Last week I released version 0.2.0 of phancap, the self-hosted website screenshot service.
phancap uses cutycapt to render website screenshots on a headless server, and it works fine most of the time. The problem here is most of the time; cutycapt has a nasty bug that makes it hang on some web sites and use 100% CPU, forever. This is not something that you want to run unattended on your server.
Process control
Fortunately, PHP has the pcntl extension that allows PHP scripts to fork and control processes. My idea was to let cutycapt run for at most 30 seconds and kill it if it did not exit in that time. This way, screenshot generation would fail for some URLs, but the server would not collect hundreds of never-ending processes.

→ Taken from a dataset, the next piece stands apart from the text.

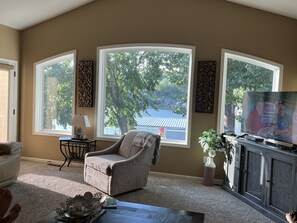 Smart-TV, videospill og DVD-spiller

The implementation wasn't that hard and worked fine on command line: It forked a child process that hung forever and killed it after 3 seconds.
After integrating it in phancap I noticed that it did not work. I was sure I had the pcntl extension installed and enabled, and it worked fine on CLI - just not when run under mod_php.
A user note in the PHP manual finally gave a hint why it failed:
"Process Control should not be enabled within a web server environment and unexpected results may happen if any Process Control functions are used within a web server environment."
At least for PHP 5.3.8 which I am using, and who knows how far back, it's not a matter of "should not", it's "can not". Even though I have compiled in PCNTL with --enable-pcntl, it turns out that it only compiles in to the CLI version of PHP, not the Apache module. As a result, I spent many hours trying to track down why function_exists('pcntl_fork') was returning false even though it compiled correctly. It turns out it returns true just fine from the CLI, and only returns false for HTTP requests. The same is true of ALL of the pcntl_*() functions.
To summarize: PHP's pcntl extension does not work on Apache with mod_php.
timeout to the rescue
After some searching I found the timeout command on my linux system, which came with the GNU core utilities.
timeout lets you specify how long to wait for a process to finish, and kills it with a user-defined signal if it's still running.
phancap utilizes timeout now when running cutycapt. With that I'm confident enough to let phancap run on my public server and use it on the SemanticScuttle demo site to provide screenshots for bookmarked web sites.